#### What is required:
Your task is to reproduce exactly the lines from the one containing "Anbausatz ohne Seitenwand" through the last line below, both ends included, and nothing else, with no pictures.

BEGIN Dataset content

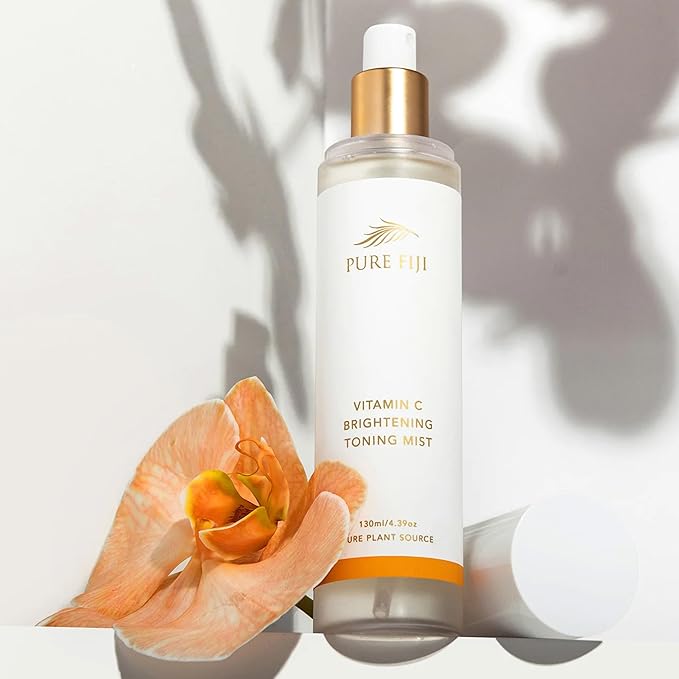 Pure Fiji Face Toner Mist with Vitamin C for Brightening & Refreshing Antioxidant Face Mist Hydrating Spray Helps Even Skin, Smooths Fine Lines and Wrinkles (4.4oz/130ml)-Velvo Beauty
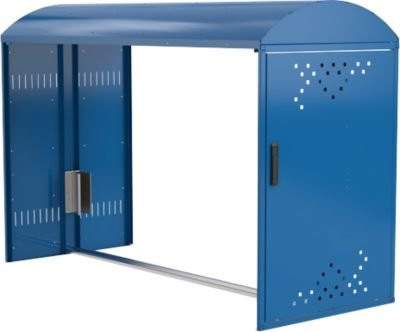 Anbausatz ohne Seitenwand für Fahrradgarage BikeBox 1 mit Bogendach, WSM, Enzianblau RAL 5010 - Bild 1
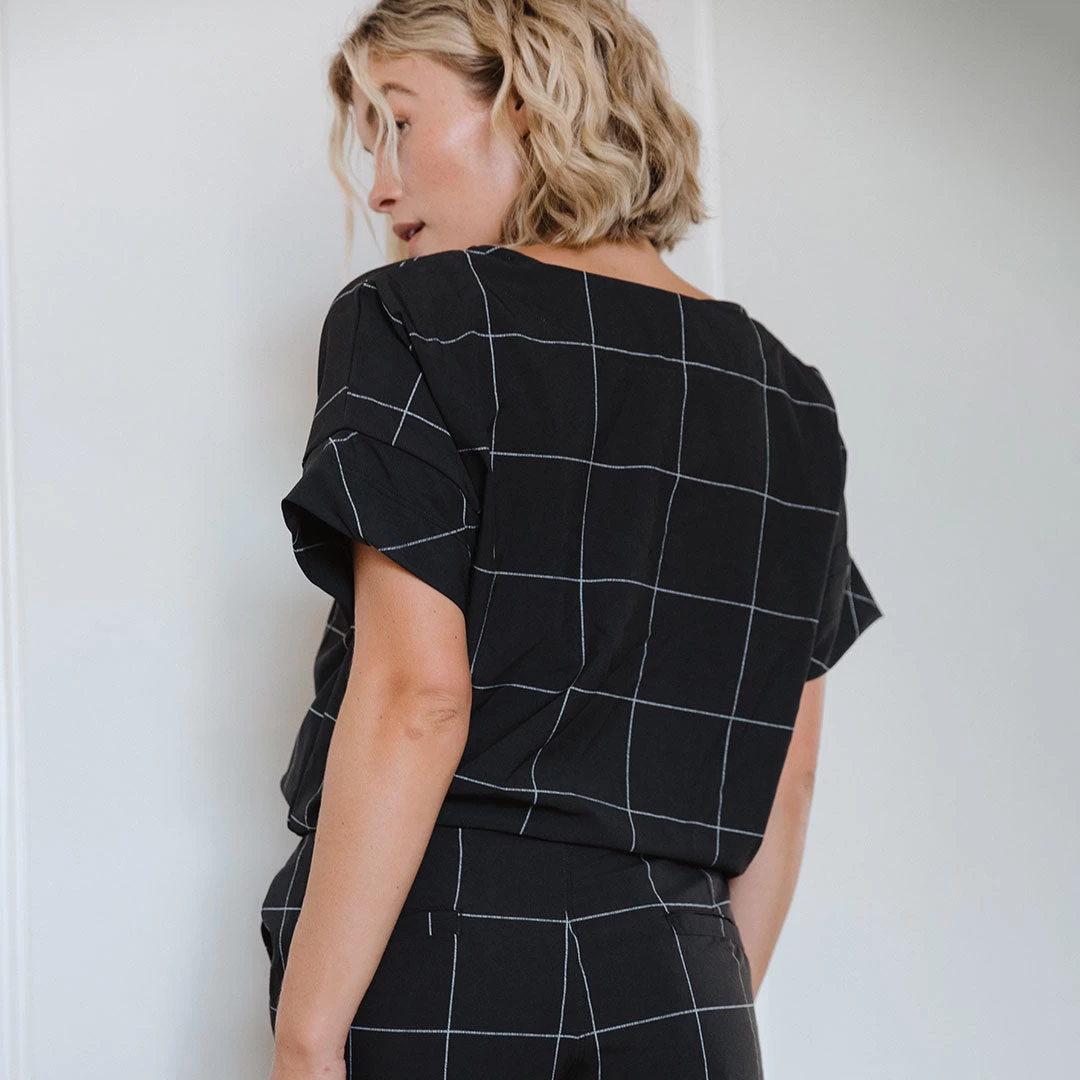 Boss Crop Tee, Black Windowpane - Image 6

END Dataset content

#### Written response:
 Anbausatz ohne Seitenwand für Fahrradgarage BikeBox 1 mit Bogendach, WSM, Enzianblau RAL 5010 - Bild 1
 Boss Crop Tee, Black Windowpane - Image 6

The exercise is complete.